Video Game Behaviors
Participants in Study 1 reported playing video games fewer hours per day (Study 1 mean 2.3 [SD 1.8]; Study 2 mean 3.5 [SD 3.2]; t925=−7.4; P<.001) and per week (Study 1 mean 12.8 [SD 13.5]; Study 2 mean 18.4 [SD 21.9]; t929=−4.8; P<.001) than participants in Study 2. However, participants in Study 1 spent more days per week playing video games than participants in Study 2 (Study 1 mean 5.0 [SD 2.3]; Study 2 mean 4.7 [SD 2.2]; t717=2.0; P=.046).
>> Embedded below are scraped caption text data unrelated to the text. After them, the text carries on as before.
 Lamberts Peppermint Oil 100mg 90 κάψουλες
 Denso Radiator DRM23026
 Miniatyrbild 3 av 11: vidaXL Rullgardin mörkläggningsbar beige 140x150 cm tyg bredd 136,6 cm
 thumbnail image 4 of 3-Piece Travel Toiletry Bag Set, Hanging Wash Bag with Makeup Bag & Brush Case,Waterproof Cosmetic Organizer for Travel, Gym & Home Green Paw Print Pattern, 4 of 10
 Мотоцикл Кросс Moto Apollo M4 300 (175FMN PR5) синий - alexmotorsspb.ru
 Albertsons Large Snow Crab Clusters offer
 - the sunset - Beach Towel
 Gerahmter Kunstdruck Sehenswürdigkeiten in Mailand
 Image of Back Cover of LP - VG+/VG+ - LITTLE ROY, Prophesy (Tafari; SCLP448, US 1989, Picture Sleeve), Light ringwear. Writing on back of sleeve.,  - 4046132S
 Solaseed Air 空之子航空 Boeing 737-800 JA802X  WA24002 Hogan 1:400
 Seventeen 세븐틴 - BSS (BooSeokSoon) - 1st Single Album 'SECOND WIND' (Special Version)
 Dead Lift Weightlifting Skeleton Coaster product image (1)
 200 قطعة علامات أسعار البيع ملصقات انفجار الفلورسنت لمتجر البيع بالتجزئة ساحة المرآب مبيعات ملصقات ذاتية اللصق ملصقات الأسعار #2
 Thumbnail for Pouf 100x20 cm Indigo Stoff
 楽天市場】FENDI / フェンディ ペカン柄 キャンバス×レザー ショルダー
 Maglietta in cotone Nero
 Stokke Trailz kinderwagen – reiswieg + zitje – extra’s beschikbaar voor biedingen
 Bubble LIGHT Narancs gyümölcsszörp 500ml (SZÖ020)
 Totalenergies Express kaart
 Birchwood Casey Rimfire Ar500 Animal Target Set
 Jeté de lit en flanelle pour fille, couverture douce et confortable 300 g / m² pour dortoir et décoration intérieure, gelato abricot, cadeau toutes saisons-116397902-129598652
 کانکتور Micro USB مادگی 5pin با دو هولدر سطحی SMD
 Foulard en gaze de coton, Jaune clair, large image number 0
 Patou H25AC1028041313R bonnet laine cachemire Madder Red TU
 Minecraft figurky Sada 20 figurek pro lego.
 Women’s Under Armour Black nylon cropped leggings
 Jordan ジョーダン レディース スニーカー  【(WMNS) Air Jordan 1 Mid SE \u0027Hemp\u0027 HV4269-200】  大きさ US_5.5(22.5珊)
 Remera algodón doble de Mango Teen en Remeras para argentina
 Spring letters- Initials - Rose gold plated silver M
Video Game Behaviors by Positive Screen
Within each study, participants with any positive screen (PTSD, depression, AUD, or cannabis use) did not differ significantly from participants without any positive screen on video game behavior, while participants with either positive mental health screen (PTSD, depression) spent more hours per day and per week playing video games than those without a positive mental health screen (Multimedia Appendix 3). Pooling data across studies, participants with any positive screen for a mental health or substance use issue spent 2.61 more hours per week (95% CI 0.11-5.10) playing video games than participants without any positive screen. Participants with any positive mental health screen (PTSD, depression) spent 0.61 more hours per day (95% CI 0.30-0.92), 4.74 more hours per week (95% CI 2.54-6.94), and 0.41 more days per week (95% CI 0.13-0.70) playing video games.
Video Game Use by Services Receipt Among Participants With a Positive Screen
No association was found between video game use and either any services receipt, mental health services receipt, or substance use services receipt within both studies. Pooling data across studies, participants with any positive screen for a behavioral health issue who had received any type of behavioral health services (mental health services, substance use services) since discharge from active duty spent 2.67 more hours per week (95% CI 0.14-5.20) and 0.48 more days per week (95% CI 0.14-0.82) playing video games than participants with any positive screen who had not received any type of behavioral health services since discharge. Participants with any positive SUD screen who had received any type of substance use services since discharge spent 0.75 more days per week (95% CI 0.28-1.21) playing video games than participants with any positive SUD screen who had not received any type of substance use services since discharge.
Discussion
Principal Findings
We examined the video game playing behavior of two separate samples of young adult veterans recruited online. First, we found evidence across the two samples that most young veterans played video games: 54% of a general sample of young veterans and 74% of a sample of young adult veteran drinkers reported playing video games at least 1 hour per week. Next, among the video game players, we found that young adult veterans spent about 13-18 hours per week playing video games and about 2.5-3.5 hours per day playing video games. In a typical week, young adult veterans played video games on most days of the week. These findings suggest that video games might be a feasible intervention modality for young veterans generally and for behavioral health concerns specifically.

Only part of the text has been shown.